Ils approchaient des premières maisons et le commodore s’arrêta.

— Et Gann ?

— On ne peut rien en tirer. Il y a tellement peu de charges contre lui.

Shelby bourrait sa pipe.

— D’après les techniciens il fallait que certaines conditions soient tout de même réunies pour obtenir un brouillard suffisamment épais. Un simple bulletin météo était insuffisant pour donner le feu vert. Les Russes devaient également envoyer un signal. Mais pas trop longtemps à l’avance évidemment.

— Pourquoi pas les bulletins météo justement ? Le commodore tira à petits coups sur sa pipe.

— J’y ai songé et j’ai vérifié. Possible. Dans l’indication du vent par exemple. Chaque fois ils donnent un relèvement différent ce qui est normal. Un peu trop précis tout de même, surtout quand ils annoncent seulement le chiffre des heures mais celui des minutes. Hum ! Si ces types-là ont choisi ce moyen de communication, autant prendre une grosse règle et nous frapper sur les doigts.

Kovask lui expliqua ce qu’il avait essayé de faire avec Gann.
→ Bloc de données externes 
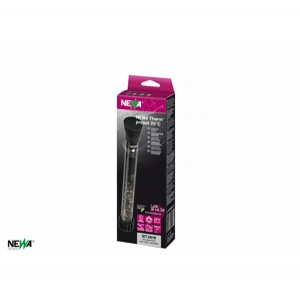 NEWA Therm preset 25°C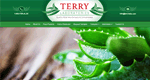 Terry Laboratories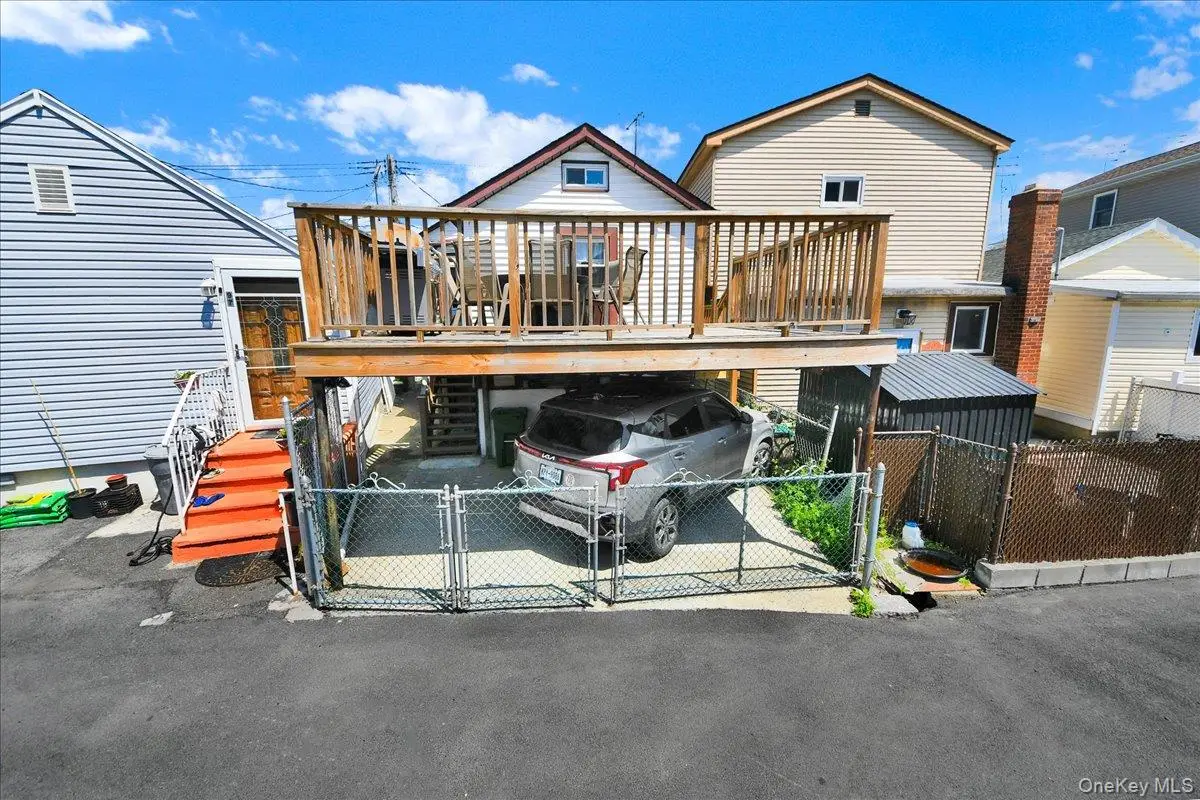 96 Edgewater Park C #96, Bronx, NY 10465 - #1
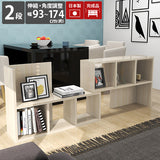 オープンシェルフ 棚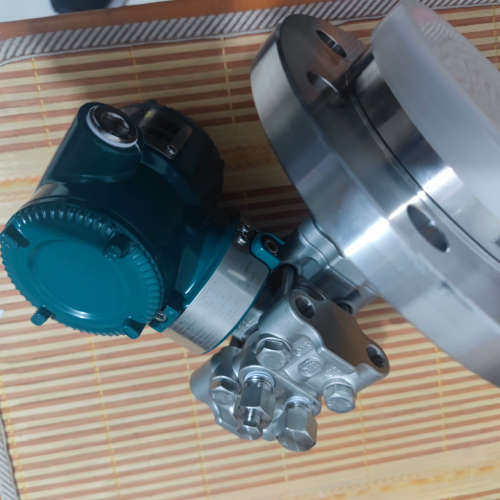 横河EJA210E-JZS5G-917EN议价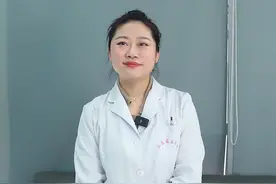 桥本氏甲状腺炎，为什么不能考公？星辰医生真的是摸不着头脑了#医学科普 #甲状腺  #关爱女性健康 #女性健康 #桥本氏甲状腺视频封面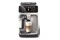 Ekspres Philips LatteGo EP5543/90 automatyczny biały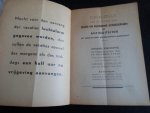 Catalogus - Oude en moderne schilderijen en antiquiteiten Catalogus - Oude en moderne schilderijen en antiquiteiten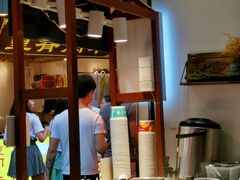 -家宴·灌蛋·沙茶面(曾厝垵店)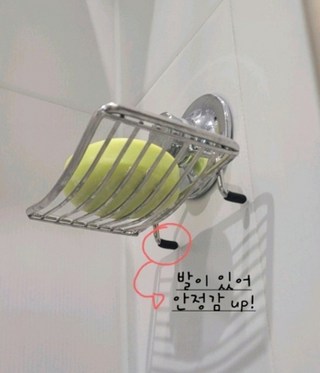 갤러리 이미지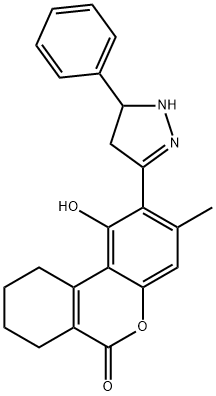 1010880-43-9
— J’ai bien cru que j’allais réussir. Il y a eu quelque chose de très grave entre sa femme et lui. La raison de leur séparation ne peut être celle qu’il tente de nous faire croire. Il a réagi violemment comme un homme certain qu’on ne peut retrouver sa femme.

— Bigre ! murmura Shelby. L’aurait-il assassinée ?

— Je lui ai posé la question. Il s’est indigné. Le commodore avait enfilé un passe-montagne et son profil tendu, encore plus aigu de la sorte, se tourna vers Kovask.

— Nous ne pouvons le retenir plus longtemps.

— Si. Par l’intermédiaire de la Navy Police responsable de la sécurité générale dans les Îles, et en portant toute l’accusation sur la disparition de sa femme. Qu’il nous donne des renseignements précis. Il a certainement une idée de l’endroit où elle se trouve.

Son chef hocha la tête pour approuver :

— En effet. Curieux comme attitude.

Puis il revint à sa première préoccupation.

— Un autre avion va atterrir tout à l’heure avec toute une équipe chargée de fouiller cette île. Il y a certainement lui ou plusieurs diffuseurs cachées quelque part. Nous voulons les dénicher le bas vite possible.

— Mais pourquoi cette précipitation alors que les membres de ce réseau ne tout pas encore connus ?

Shelby tira la pipe de ses dents et soupira.

— C’est grave, Kovask, très grave. Ces diffuseurs du moins ceux que nous avons découverts, ne contiennent plus que la moitié de leur charge et celle-ci ne peut supporter d’être longuement stockée.

Son compagnon commençait à comprendre.

— De plus il est difficile de recharger tous les diffuseurs. Les installer a dû être un fameux tour de force, mais c’est une opération définitive.

— Bon sang ! jura Kovask.

— Oui. Ces diffuseurs ne sont utilisables que jusqu’à une certaine date, mettons septembre. Ce qui veut dire que nos voisins, les Russes comptent s’en servir avant cette date. Et non plus à titre expérimental.